The airline company said it will give $400 to each passenger on Air Transat Flight 157 from Brussels "as a gesture of good faith" because the air conditioning failed, not because of the delays due to weather.
Hundreds of passengers aboard that flight, as well as Air Transat Flight 507 from Rome, were not allowed to disembark after their transatlantic flights were redirected to Ottawa on their way to Montreal on July 31. They were forced to remain on the planes for hours.
Flight 507 passengers are not being compensated.
"Whatever the reasons, we are aware of the particularly difficult circumstances experienced by our passengers on board Flight 157," Air Transat wrote in an emailed statement to CBC News. "We extend our sincerest apologies for the unpleasantness they experienced during this unfortunate incident."
"The compensation paid is not intended to cover the delay of our aircraft, which was caused by weather circumstances beyond our control," read a separate French statement emailed to Radio-Canada.
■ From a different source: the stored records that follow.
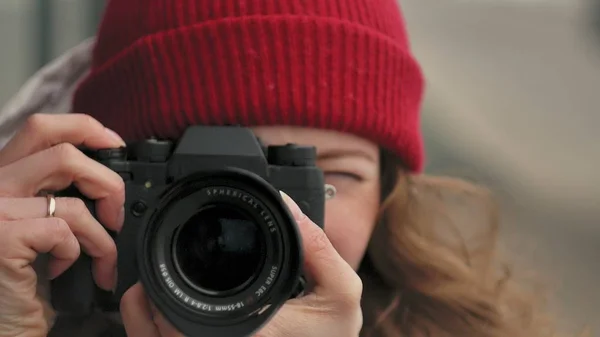 Νεαρή όμορφη γυναίκα σε ένα κόκκινο καπέλο που φοράει σπορ ζεστά ρούχα και οδοστρωτήρες, κάθεται σε ένα ξύλινο πάγκο και λήψη φωτογραφιών σε μια vintage φωτογραφική μηχανή — Φωτογραφία Αρχείου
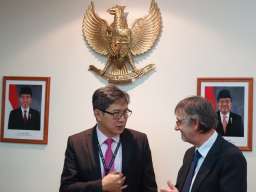 Prof. Noor, a geneticist, talks with Prof. Pickering, a political historian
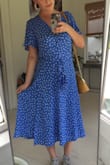 It's such a beautiful color. The wrap can be a little bit small in the stomach, but the length is perfect. I chose to stitch the sleeves together at the bottoms, and I am pleased with that decision. - Lauren R.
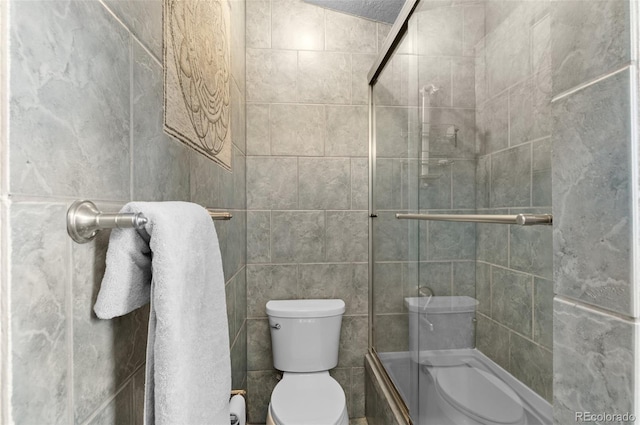 16841 E Hialeah Ave, Centennial, CO 80015 - bathroom with shower / bath combination and tile walls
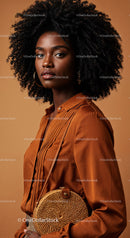 Elegant African American Woman in Satin Shirt and Wicker Bag Portrait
Stranded passengers on the flight from Brussels complained about soaring temperatures on the plane after its fuel ran out and the air conditioning failed. The temperature outside reached 28 C, and the air conditioning was out for more than an hour. Passengers also complained that the flight ran out of food and water.
I'm sorry to hear that - it's up to the airline to determine whether to deplane or wait it out when a flight diverts.—@FlyYOW
Some passengers resorted to calling 911, and when paramedics arrived the plane's doors were opened and the Ottawa International Airport Authority handed out water.
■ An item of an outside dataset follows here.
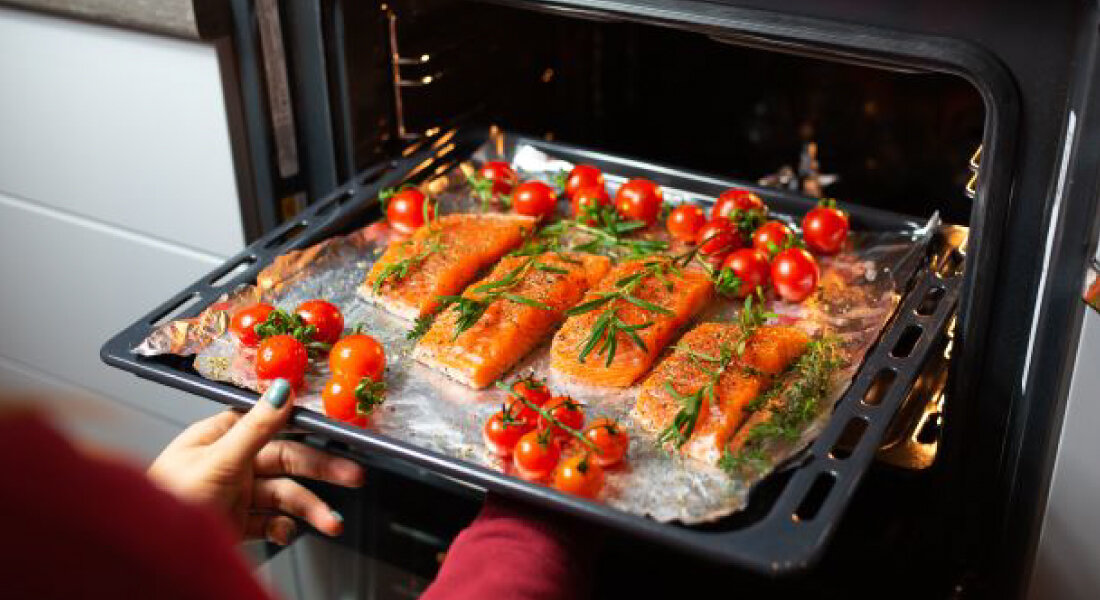 Piekarnik ETA Basic 178590000 Osoba wysuwa blachę z piekarnika z kawałkami ryby i pomidorkami koktajlowymi. Potrawa ułożona jest na papierze do pieczenia 8 programów ruszt grillowy dwie blachy klasyczne drabinki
Despite the doors being opened, passengers were instructed "to remain on board for their safety," the airline wrote in its legal filing to the Canadian Transportation Agency (CTA).
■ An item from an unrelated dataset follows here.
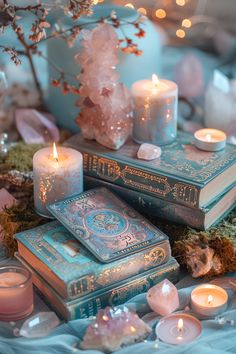 candles, books and crystals on a table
It also wrote there was a "critically high demand" for air stairs, which would have allowed passengers to disembark.
The CTA is investigating and will hold a public inquiry over two days at the end of August.
The inquiry will examine whether Air Transat followed its tariff — the terms of service and obligations to passengers.
The tariff states that if delays occur while on board, Air Transat will offer drinks and snacks, where safe to do so. If the delay exceeds 90 minutes and if the aircraft commander permits, Air Transat will offer passengers the option of disembarking.
"If we find that the airline was in violation of its own tariff, we can order that passengers be compensated for expenses," along with ordering other corrective measures, Scott Streiner, the CTA's chair and CEO, told CBC News.
However, the law only applies to out-of-pocket expenses, he said.
Air Transat and airport statements differ
Both Air Transat and the Ottawa International Airport Authority have filed responses about what happened July 31.
The airline is blaming "a confluence of factors beyond our control," it wrote in its filing.
The airport authority, meanwhile, said a gate and air stairs were available to allow passengers to disembark.
But when the airport authority offered assistance, it alleges Air Transat staff were "uncommunicative," and that airport authority staff didn't get clearance from the airline to help.